I live in Carmarthen which some believe is the oldest town in Wales (Cardiff = wet-behind-the-ears upstart) so, although I live in quite a new building (1785 ish) there's a lot of 'built heritage' about. Street names are ... interesting, often because there was a drive to rename all the streets in Welsh some decades ago. The compromise was to have bilingual street signs, with the names being straight translations UNLESS there was historic evidence to show that there were different English and Welsh names previously in use.

So ...

I live one block over from one of the main streets which is Heol Awst in Welsh and Lammas Street in English; rather than do a lot of cut-and-paste I direct my learned friends to look up Lammas in Wikipedia. (I can't believe I just said that! Wikipedia!)

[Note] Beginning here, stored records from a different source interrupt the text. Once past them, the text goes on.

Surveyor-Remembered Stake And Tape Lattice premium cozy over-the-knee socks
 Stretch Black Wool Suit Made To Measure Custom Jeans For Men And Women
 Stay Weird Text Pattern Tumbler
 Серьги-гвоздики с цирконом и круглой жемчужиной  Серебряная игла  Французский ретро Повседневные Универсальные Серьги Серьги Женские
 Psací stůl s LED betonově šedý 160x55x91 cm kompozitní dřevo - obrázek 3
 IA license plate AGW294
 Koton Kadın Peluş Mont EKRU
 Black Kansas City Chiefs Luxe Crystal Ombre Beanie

My own street has two completely different names: St Catherine Street and Heol y Gwyddau. The English refers to a medieval chapel and mill which used to be just behind my property. The Welsh is curious. People - including town councillors - get confused between gw^ydd (goose) and gwy^dd (loom). Unfortunately they used the former when they should have used the latter. This should be the Street of the Looms because the terrace houses on my side of the street used to all be weavers' cottages; my own house, a mill, grew from one cottager's ambitions and was a weaving mill rather than a grain mill. The Town Fathers can be somewhat excused for the mistake because there IS a small lane at the end of this street called Goose Lane, being the lane in which they used to 'shoe' geese.

In the block between me and Goose Lane there is an old cemetary where, rumour has it, they dumped all the bodies during The Plague.

Although I can be quite vitriolic about local town planners I will give them some credit for encouraging SOME developers to keep local heritage in mind when naming things. A small section of the town centre was developed a few years ago resulting in a new pedestrianized street running down towards the old site of a monastery; the developers called it Greyfriars Court / Cwrt y Brodyr Llwydion. Of course, those same town planners allowed Tesco to build a supermarket on the actual site of the monastery so ...

Nigel, isn't there a section of streets in Cardiff - sort of above the Univ. campus - named after The Colonies? I seem to recall a Newfoundland street???

And speaking of the Colonies, in my home town of Port Colborne they decided to give names to the back lanes in the old part of town - the shared lanes that run along the back of properties facing two different streets. As Port C is divided by the Welland Canal, they've named them all with names reflecting the port/canal heritage. One of them is Top Hat Lane, referring to the practice of giving a top hat to the first captain to take his ship through the canal in the spring. Nice.